Aqui em Floripa tivemos duas manifestações, ou melhor, 1 e 1/5, porque na segunda delas, ontem, muito pouca gente realmente se manifestou. Digo pouca e não nenhuma porque ouvi dizer que um grupo pequeno tentou, depois que os “manifestantes” desinteressados foram embora, realmente ocupar a ponte (e não apenas passear turisticamente por ela). É claro que esse grupo apanhou da polícia, pois saía do esquemão pré-aprovado de manifestação (coisa bizarra é uma manifestação pré-aprovada, não?). Não tenho confirmação dessa informação, infelizmente eu já tinha ido embora decepcionada e não achei nada aqui pelo face. Se alguém tiver informações, agradeço…

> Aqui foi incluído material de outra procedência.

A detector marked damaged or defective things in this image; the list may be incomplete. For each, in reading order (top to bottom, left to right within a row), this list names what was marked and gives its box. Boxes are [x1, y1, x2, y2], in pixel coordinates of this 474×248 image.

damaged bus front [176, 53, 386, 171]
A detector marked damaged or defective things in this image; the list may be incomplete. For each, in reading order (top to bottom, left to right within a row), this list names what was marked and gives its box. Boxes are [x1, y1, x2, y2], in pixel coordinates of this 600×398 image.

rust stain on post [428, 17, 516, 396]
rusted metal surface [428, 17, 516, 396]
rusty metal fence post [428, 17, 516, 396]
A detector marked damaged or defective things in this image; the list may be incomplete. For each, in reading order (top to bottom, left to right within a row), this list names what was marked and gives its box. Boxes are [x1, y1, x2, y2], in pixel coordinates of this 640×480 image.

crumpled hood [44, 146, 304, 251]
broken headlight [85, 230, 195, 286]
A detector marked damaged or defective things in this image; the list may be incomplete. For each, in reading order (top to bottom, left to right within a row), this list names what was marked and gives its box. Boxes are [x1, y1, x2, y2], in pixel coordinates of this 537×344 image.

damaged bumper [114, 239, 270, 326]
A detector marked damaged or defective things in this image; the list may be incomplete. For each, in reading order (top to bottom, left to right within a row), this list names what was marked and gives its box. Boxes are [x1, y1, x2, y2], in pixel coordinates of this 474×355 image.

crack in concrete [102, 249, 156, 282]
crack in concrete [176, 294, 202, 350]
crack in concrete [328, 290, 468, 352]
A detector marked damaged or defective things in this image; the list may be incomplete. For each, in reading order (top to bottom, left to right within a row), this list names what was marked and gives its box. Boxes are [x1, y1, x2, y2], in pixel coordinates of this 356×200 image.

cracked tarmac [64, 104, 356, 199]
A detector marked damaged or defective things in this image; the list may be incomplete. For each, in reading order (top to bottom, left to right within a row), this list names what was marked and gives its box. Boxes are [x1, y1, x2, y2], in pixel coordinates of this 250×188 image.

Fora esse episódio, em geral, ontem foi um dia triste, com cara de fim de sonho. Parecia final de jogo, saída de estádio (o maridão até gritou um sarcástico “Furacão!” em homenagem ao nosso amado Atlético Paranaense, tirando sarro da postura dos “manifestantes”). Era triste ver as pessoas andando sem rumo, sem cartazes e sem canções, os poucos gritos eram os tão falados “sem partido”. O que, diga-se de passagem, é completamente incompatível com os “Fora Dilma” que se via por lá. Fora Dilma significa a volta do que já foi, como se FHC, Sarney, Aécio, Alckmin, etc fossem melhores? Não, não eram melhores, mas talvez também não eram piores, porque o que se tem parece exatamente a mesma coisa que se tinha. São eles mesmos que estão por aí, pois ela está com eles. E essa é provavelmente a maior derrota da esquerda no Brasil: ver o PT virar o PSDB. 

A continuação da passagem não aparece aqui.